All of the listing below must be repeated word for word. Pictures are the only thing to omit.

The data:

- - - - - - -

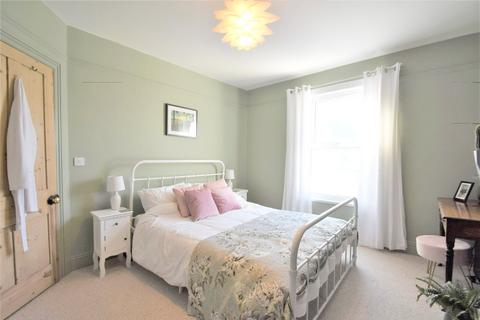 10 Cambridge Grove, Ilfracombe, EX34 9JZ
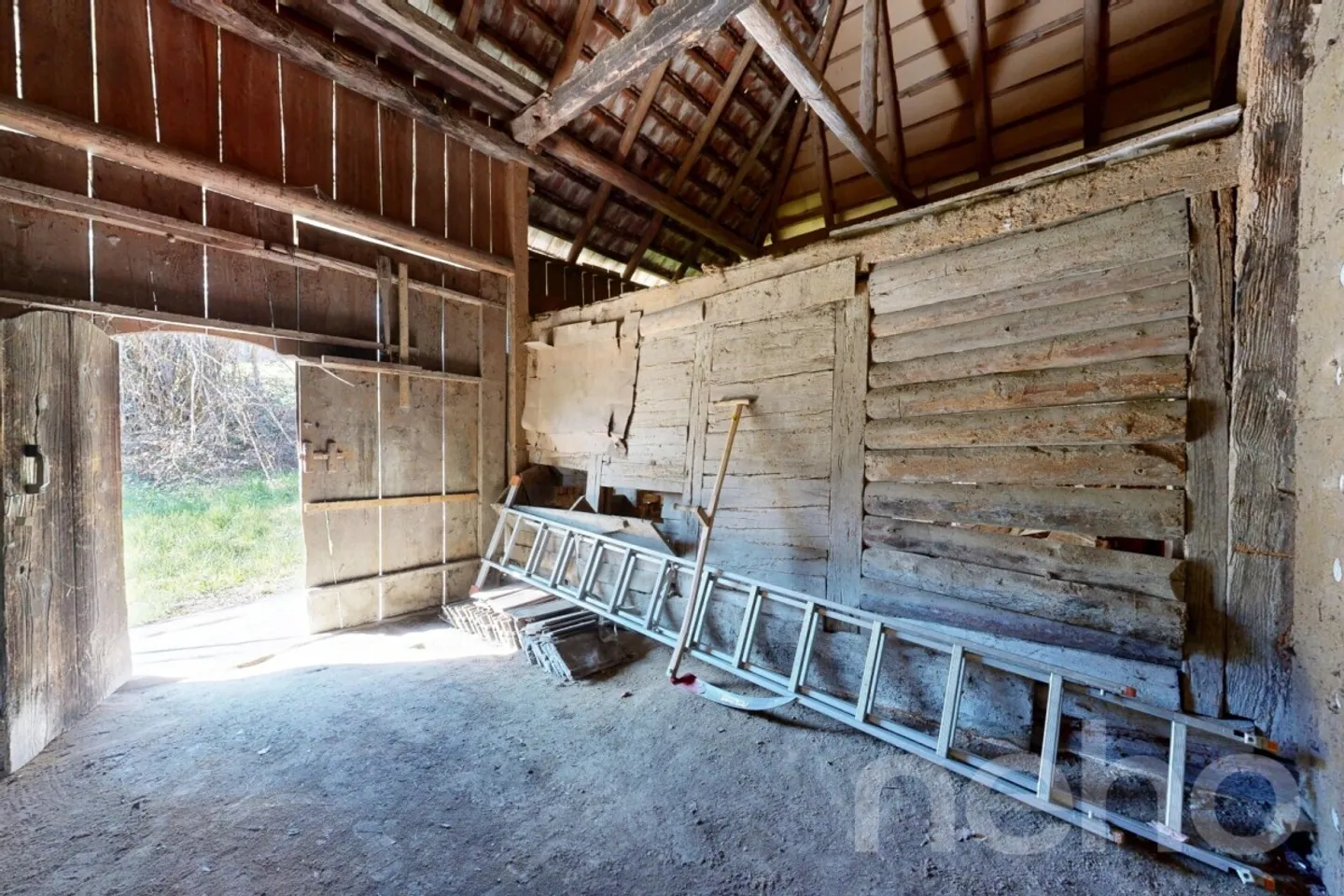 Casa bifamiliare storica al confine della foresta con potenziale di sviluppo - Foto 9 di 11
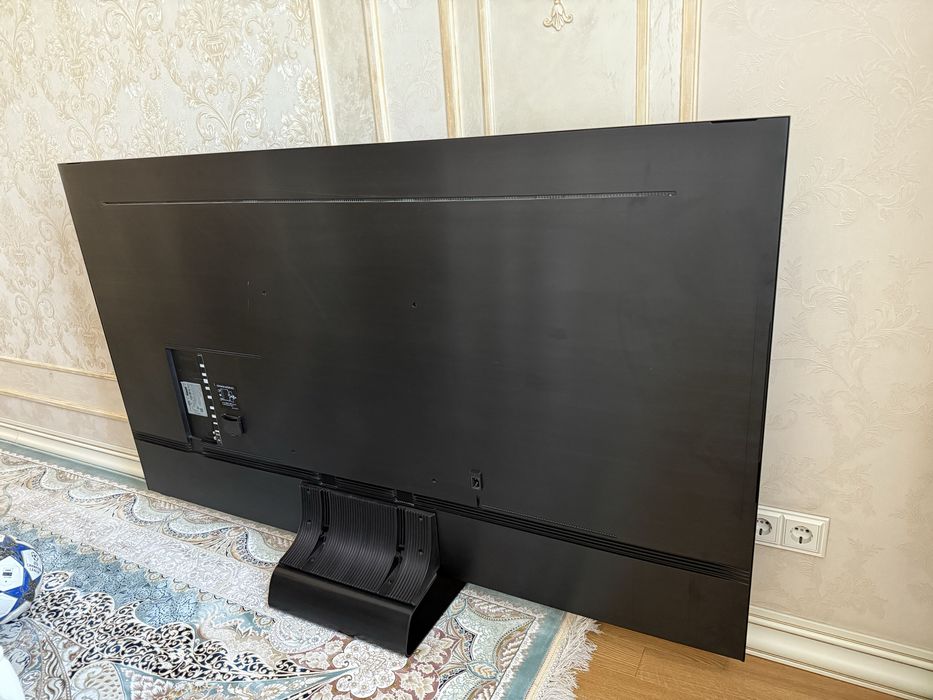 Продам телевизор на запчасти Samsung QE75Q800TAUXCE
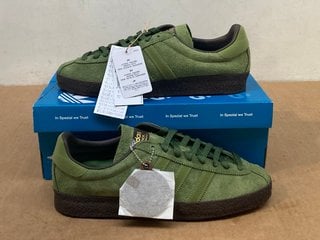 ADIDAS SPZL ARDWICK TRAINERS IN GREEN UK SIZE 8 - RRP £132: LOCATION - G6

- - - - - - -

Final answer:
 10 Cambridge Grove, Ilfracombe, EX34 9JZ
 Casa bifamiliare storica al confine della foresta con potenziale di sviluppo - Foto 9 di 11
 Продам телевизор на запчасти Samsung QE75Q800TAUXCE
 ADIDAS SPZL ARDWICK TRAINERS IN GREEN UK SIZE 8 - RRP £132: LOCATION - G6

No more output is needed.